◆ About this task: Quote exactly and only this range of lines in the data below: the line that holds "So for example, I" to the line that holds "Hello everyone, welcome", both included.

◆ Study material:
-=-=-=-=-

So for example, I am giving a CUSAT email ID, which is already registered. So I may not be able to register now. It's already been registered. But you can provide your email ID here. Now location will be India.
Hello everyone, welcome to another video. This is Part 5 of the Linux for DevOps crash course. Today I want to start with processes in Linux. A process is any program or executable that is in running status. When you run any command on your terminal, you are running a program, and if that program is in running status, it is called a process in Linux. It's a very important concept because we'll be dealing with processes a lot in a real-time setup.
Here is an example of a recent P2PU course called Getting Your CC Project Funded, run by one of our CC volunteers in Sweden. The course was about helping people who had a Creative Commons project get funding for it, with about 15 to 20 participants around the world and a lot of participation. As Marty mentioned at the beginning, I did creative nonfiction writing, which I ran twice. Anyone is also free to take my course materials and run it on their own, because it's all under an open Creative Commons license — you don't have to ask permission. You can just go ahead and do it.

-=-=-=-=-

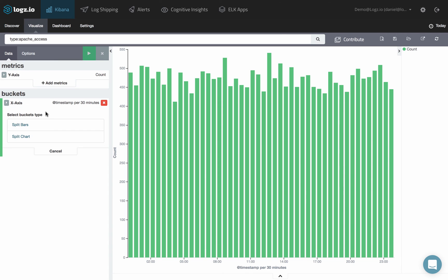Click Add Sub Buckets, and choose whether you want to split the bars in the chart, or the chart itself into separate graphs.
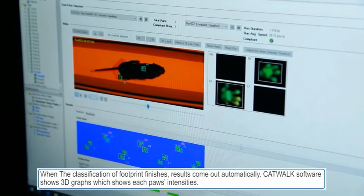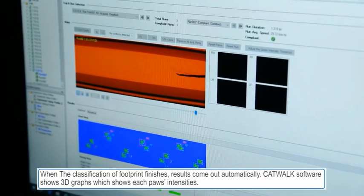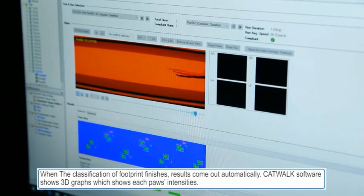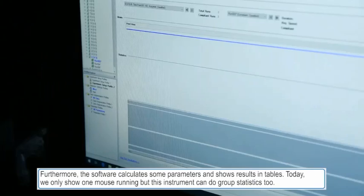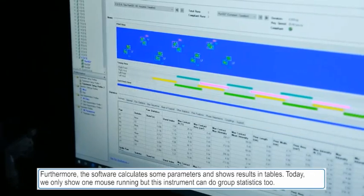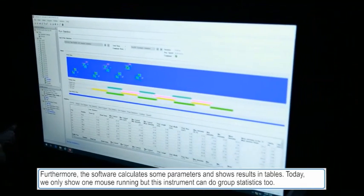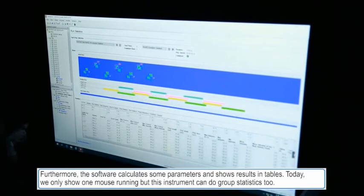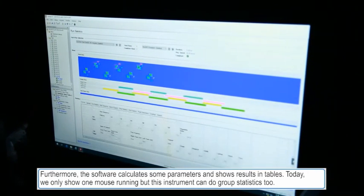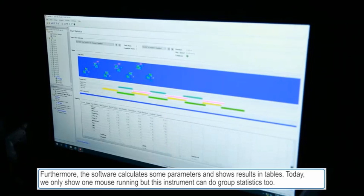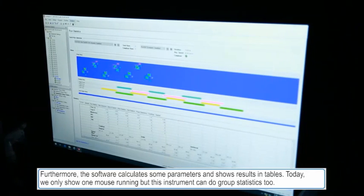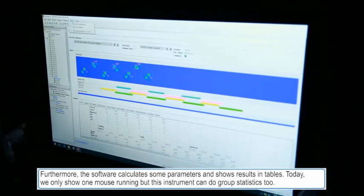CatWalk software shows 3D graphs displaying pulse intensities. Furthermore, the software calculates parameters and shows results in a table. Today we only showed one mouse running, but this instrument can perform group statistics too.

-=-=-=-=-

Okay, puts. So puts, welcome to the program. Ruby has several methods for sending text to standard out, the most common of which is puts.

-=-=-=-=-

◆ Answer for this exercise:
So for example, I am giving a CUSAT email ID, which is already registered. So I may not be able to register now. It's already been registered. But you can provide your email ID here. Now location will be India.
Hello everyone, welcome to another video. This is Part 5 of the Linux for DevOps crash course. Today I want to start with processes in Linux. A process is any program or executable that is in running status. When you run any command on your terminal, you are running a program, and if that program is in running status, it is called a process in Linux. It's a very important concept because we'll be dealing with processes a lot in a real-time setup.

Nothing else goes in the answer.